Ahora que ha muerto, se menciona más su derrota (digna, pero lamentable: la revuelta de los maestros), que su gran victoria: fundar ese fenómeno histórico de los pueblos indígenas que hacia 1980 fue llamado la Montaña Roja.
Aquella transformación política y mental en el corazón más pobre de la mixteca guerrerense comenzó en su natal Alcozauca, en 1979-1980, cuando animado por él, el Partido Comunista Mexicano ganó la alcaldía en esa remota región del olvido. Fue el primer lugar del país gobernado legalmente por la izquierda, y lo seguiría siendo bajo las sucesivas siglas del poscomunismo: PSUM, PMS y PRD, al cual renunciaría hace ya 10 años, guiado por su noción revolucionaria y su integridad, quizá no a prueba de errores, pero impermeable a cualquier corrupción o reblandecimiento.
El “contagio” de la Alcozauca “roja” fue considerable. Pronto Metlatónoc y otros vecinos municipios mixtecos, tlapanecos y nahuas de la Montaña vencerían la aparente inmanencia del PRI, y dos décadas antes que la capital del país demostrarían que se puede.
Experiencias como la Policía Comunitaria, hoy tan importante, no se explicarían sin el establecimiento de gobiernos populares en aquellas partes dominadas siempre por caciques criminales y el racismo de unos cuantos.
Tierra seca y difícil, fértil para guerrillas, y también por desgracia para el narco en sus escalones más bajos (esos tristes cultivos de amapola y mariguana, que hacen chivos expiatorios de indígenas que luego ni saben para qué sirve la “goma” que producen y transportan y los conduce a la cárcel o la muerte).
En los años 80 algo sucedió en Alcozauca. Othón Salazar inspiró la recuperación de tierras, derechos y cultura contra todo pronóstico. Aquella Mixteca parecía condenada a esfumarse: su lengua, su agricultura, su vida comunal. Ya entonces expulsaba migrantes.
Una noche de esos años en los que tuve la fortuna de acompañar un poco a los alcozauquenses en la que aún parecía una lucha solitaria, Othón, muchas otras personas y yo estuvimos a punto de morir juntos como en El puente de San Luis Rey. Era una noche fea, lluviosa, cerrada de niebla. Regresábamos de alguna comunidad apartada en un camioncito cargado con pasajeros, la mayoría indígenas.

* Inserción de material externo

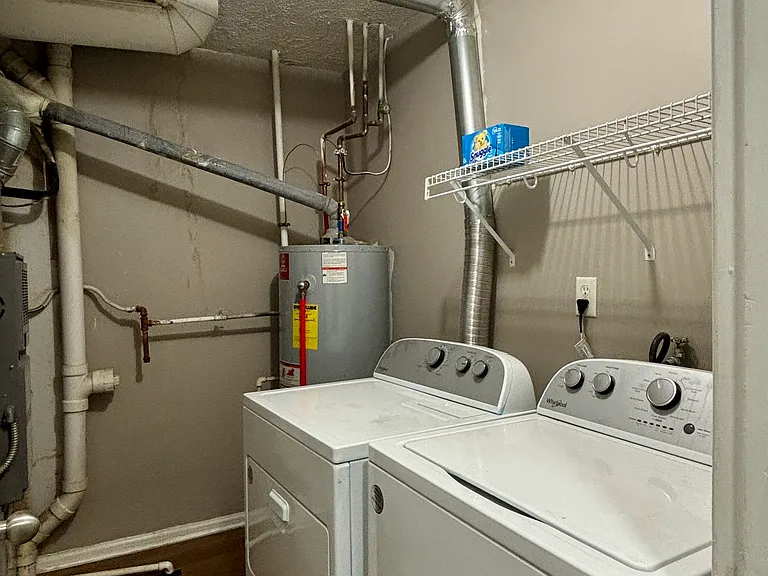 6086 Southbay Dr — Photo 26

Si mal no recuerdo, Othón era presidente municipal por segunda ocasión. Mientras descendíamos la serranía, a nuestra derecha, metros abajo, corría un río loco y caudaloso. En una curva, el carro, conducido por su sobrino, se salió del estrecho camino y quedó colgando varios metros arriba del torrente que no veíamos, sólo escuchábamos. Comenzamos a balancearnos, en uno de esos momentos en que hasta respirar es peligroso.
Othón, quien viajaba en la cabina, llamó a la calma y organizó la evacuación de la camioneta mediante un delicado proceso de pesos y medidas, con serenidad y liderazgo, por así decir. “Que no panda el cúnico”, citó al Chapulín Colorado. Primero saltaron los pasajeros de la caja, pero no todos, pues nos hubiera desbalanceado y el carro habría caído de trompa. Uno por uno, los apiñados pasajeros de la cabina deslizamos las nalgas sobre los asientos.
Al aire teníamos la llanta delantera derecha. La trasera vacilaba entre la tierra del borde, que se desmoronaba, y las raíces de un árbol torcido. Pocas veces he sentido mayor alivio de poner los pies en la tierra.
Entre todos, gente del campo con recursos para situaciones desesperadas, se las arreglaron para devolver el vehículo al camino. Luego, mientras bajábamos a la cabecera de Alcozauca, patinando sobre el lodo, Othón dijo de pronto:
–Aquí venimos, juntos, camino a casa. ¿A poco no es la mejor noche del mundo?
Los demás traíamos atravesado el espanto todavía, pero Othón estaba contento, nada más. Para él era una raya más en el lomo del tigre. Nunca fue de los que mueren fácilmente.